**WHAT THIS TASK INVOLVES**:
Determine which lines of the records include the word "Picture", and copy them.

(Stored items)
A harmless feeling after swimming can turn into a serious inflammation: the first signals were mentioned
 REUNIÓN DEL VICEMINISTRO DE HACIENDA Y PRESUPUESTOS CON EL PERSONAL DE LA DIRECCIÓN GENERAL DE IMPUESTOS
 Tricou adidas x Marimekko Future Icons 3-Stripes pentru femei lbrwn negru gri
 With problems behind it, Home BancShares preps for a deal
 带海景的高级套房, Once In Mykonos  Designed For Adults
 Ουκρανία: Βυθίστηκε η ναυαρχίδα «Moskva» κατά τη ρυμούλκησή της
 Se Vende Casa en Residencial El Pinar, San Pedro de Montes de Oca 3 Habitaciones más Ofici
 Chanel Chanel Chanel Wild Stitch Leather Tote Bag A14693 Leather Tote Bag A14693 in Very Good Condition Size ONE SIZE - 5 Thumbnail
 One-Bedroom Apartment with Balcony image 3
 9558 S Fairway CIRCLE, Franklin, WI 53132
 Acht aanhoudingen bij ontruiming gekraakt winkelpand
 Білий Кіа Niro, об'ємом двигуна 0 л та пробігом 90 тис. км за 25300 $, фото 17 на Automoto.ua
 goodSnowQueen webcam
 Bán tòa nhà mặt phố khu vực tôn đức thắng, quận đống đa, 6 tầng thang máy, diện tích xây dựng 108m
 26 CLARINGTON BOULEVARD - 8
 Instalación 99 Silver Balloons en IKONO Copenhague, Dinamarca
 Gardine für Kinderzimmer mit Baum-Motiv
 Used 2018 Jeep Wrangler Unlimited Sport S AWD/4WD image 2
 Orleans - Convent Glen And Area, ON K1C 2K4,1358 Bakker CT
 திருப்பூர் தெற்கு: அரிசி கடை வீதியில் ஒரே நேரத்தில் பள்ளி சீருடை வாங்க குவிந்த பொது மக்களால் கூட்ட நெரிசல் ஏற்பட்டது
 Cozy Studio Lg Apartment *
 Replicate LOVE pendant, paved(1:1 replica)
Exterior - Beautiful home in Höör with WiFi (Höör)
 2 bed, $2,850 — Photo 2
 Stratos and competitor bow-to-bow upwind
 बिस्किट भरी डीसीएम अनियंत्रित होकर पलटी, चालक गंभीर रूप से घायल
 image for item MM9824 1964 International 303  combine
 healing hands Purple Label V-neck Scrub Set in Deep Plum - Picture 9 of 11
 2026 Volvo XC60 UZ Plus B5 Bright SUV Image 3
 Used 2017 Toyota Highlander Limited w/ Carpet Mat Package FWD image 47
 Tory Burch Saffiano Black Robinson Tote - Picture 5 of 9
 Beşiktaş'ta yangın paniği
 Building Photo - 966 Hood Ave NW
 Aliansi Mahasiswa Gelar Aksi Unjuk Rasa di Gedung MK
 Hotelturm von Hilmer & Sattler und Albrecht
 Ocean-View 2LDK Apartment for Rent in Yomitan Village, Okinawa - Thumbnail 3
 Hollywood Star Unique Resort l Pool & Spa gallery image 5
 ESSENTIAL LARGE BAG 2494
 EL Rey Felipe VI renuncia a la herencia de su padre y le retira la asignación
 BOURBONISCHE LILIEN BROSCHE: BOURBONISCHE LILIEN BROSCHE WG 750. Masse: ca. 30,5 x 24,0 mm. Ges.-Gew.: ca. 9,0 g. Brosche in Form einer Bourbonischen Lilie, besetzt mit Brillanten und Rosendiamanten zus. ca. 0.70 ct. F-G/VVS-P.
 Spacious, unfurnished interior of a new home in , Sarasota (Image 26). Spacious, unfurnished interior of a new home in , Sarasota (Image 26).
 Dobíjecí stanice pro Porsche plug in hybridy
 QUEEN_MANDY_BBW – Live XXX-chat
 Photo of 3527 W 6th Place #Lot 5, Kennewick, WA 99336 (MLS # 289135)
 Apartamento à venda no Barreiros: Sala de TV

**TASK SOLUTION**:
 healing hands Purple Label V-neck Scrub Set in Deep Plum - Picture 9 of 11
 Tory Burch Saffiano Black Robinson Tote - Picture 5 of 9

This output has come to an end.